2. LHP 2016 (No. 18/LHP/XVIII.MDN/03/2016)
Penyewaan 1.500 ha tanpa izin, potensi kerugian Rp1,8 triliun.
3. LHP 2021 (No. 23/LHP/XVIII.MDN/06/2021)
Sebanyak 1.243 ha HGU aktif terbengkalai.
4. LHP 2023 (No. 07/LHP/XVIII.MDN/04/2023)
Pengalihan tanah ke pengembang tanpa tender, nilai potensi kerugian mencapai Rp3,4 triliun per tahun.
"Audit tersebut jelas, yakni terdapat pola sistematis penguasaan dan pengalihan tanah negara tanpa dasar hukum, dilakukan berulang oleh pengurus PTPN II dan pihak-pihak terafiliasi," ungkap Iskandar Sitorus.
Iskandar juga memaparkan contoh konkret transaksi yang dianggap janggal dan berpotensi melanggar hukum, seperti kasus jual beli Persil 53 di Desa Tanjung Sari, Kecamatan Batang Kuis (3.650 m²).
Transaksi Pertama: PTPN II menjual tanah kepada seorang buruh tani berinisial HAD melalui Akta Pelepasan Hak No. 41 (21 Maret 2022) dengan harga Rp1.192.950.000. Pihak PTPN II diwakili oleh SS dengan dasar SK Gubernur Sumut No. 188.44/552/KPTS/2021.
Transaksi Kedua (37 Hari Kemudian): HAD menjual kembali tanah tersebut kepada warga berinisial RP menggunakan notaris dan saksi yang sama, dengan harga yang sedikit meningkat.

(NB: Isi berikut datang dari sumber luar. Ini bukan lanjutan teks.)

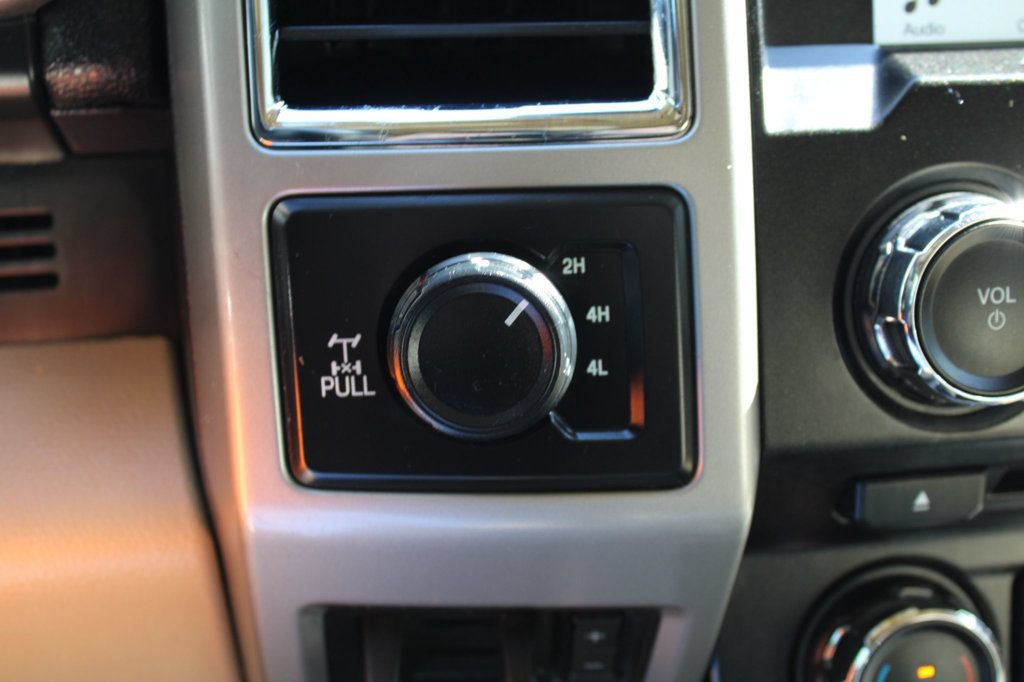 Used 2018 Ford F250 Lariat w/ Chrome Package AWD/4WD image 22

"Pertanyaannya sederhana, bagaimana mungkin seorang buruh tani memiliki dana sebesar itu untuk membeli tanah dari PTPN II? Transaksi secepat ini dengan notaris yang sama juga tidak wajar dan berpotensi melanggar prinsip kehati-hatian hukum," kritik Iskandar, meminta Kejati Sumut menelusuri alur uang dan pajak dari transaksi tersebut.
IAW berharap Kejaksaan Agung, yang telah melimpahkan kasus ini ke Kejaksaan Tinggi (Kejati) Sumut, dapat segera menindaklanjuti. Iskandar juga menyoroti kasus lain di Bandar Klippa, Deliserdang, di mana Pemkab mengaku telah membayar tanah eks HGU seluas 3 hektare ke PTPN II, namun kini tanah tersebut dikuasai warga penggarap yang diindikasikan sebagai bentuk korupsi atas aset negara.
Menurut Iskandar, Kejati Sumut memiliki kapasitas penuh untuk menelusuri kasus-kasus ini. Ia juga mencatat bahwa Kejati Sumut berada dalam posisi strategis sebagai penegak hukum sekaligus bagian dari Tim Gugus Tugas Reforma Agraria (GTRA) Provinsi Sumatera Utara, menuntut Kejati untuk menjalankan peran ganda ini secara optimal demi menyelamatkan kerugian negara.